▶ **The records**
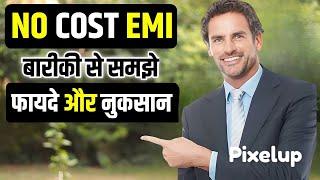 No Cost Emi Kya Hota Hai | No Cost Emi Kya Hai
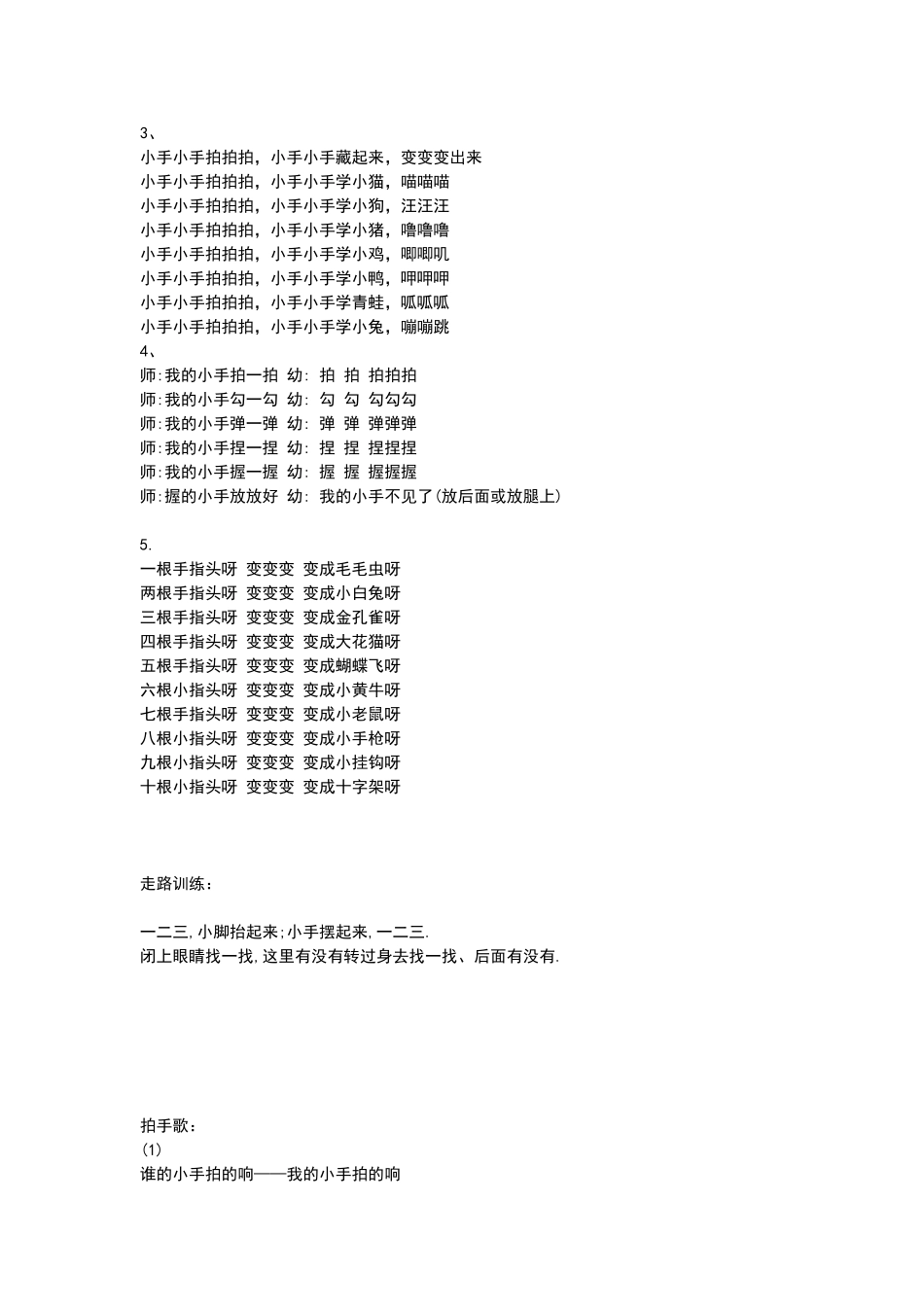 幼儿园老师管理方法_第2页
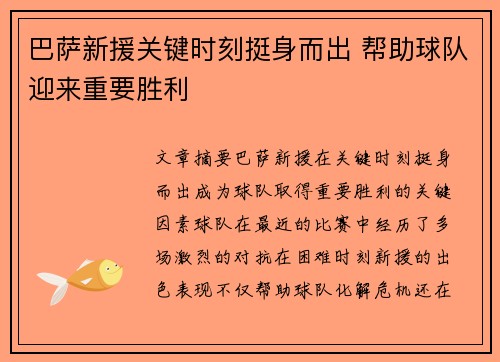 巴萨新援关键时刻挺身而出 帮助球队迎来重要胜利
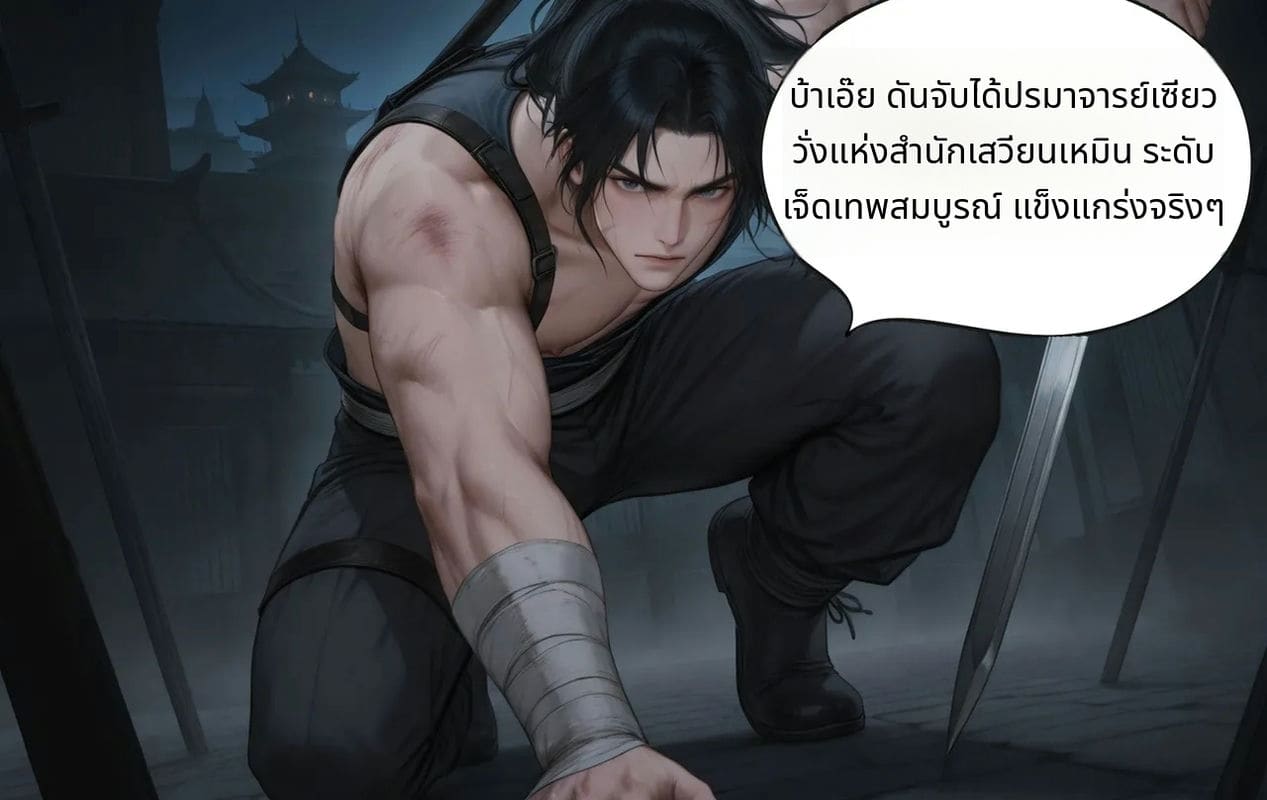 เฟย อวี่ฮั่นสาวสวยโดนเย็ดจนน้ำแตก ภาพ 70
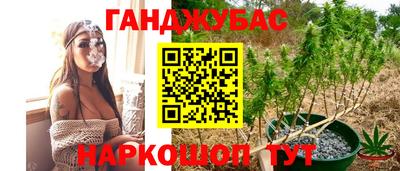 соль курить ск Ливны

▶ **Instructions to follow**
Omit the pictures. Repeat the rest of the data exactly.

▶ **Reply to the task**
 No Cost Emi Kya Hota Hai | No Cost Emi Kya Hai
 幼儿园老师管理方法_第2页
 巴萨新援关键时刻挺身而出 帮助球队迎来重要胜利
 เฟย อวี่ฮั่นสาวสวยโดนเย็ดจนน้ำแตก ภาพ 70
 соль курить ск Ливны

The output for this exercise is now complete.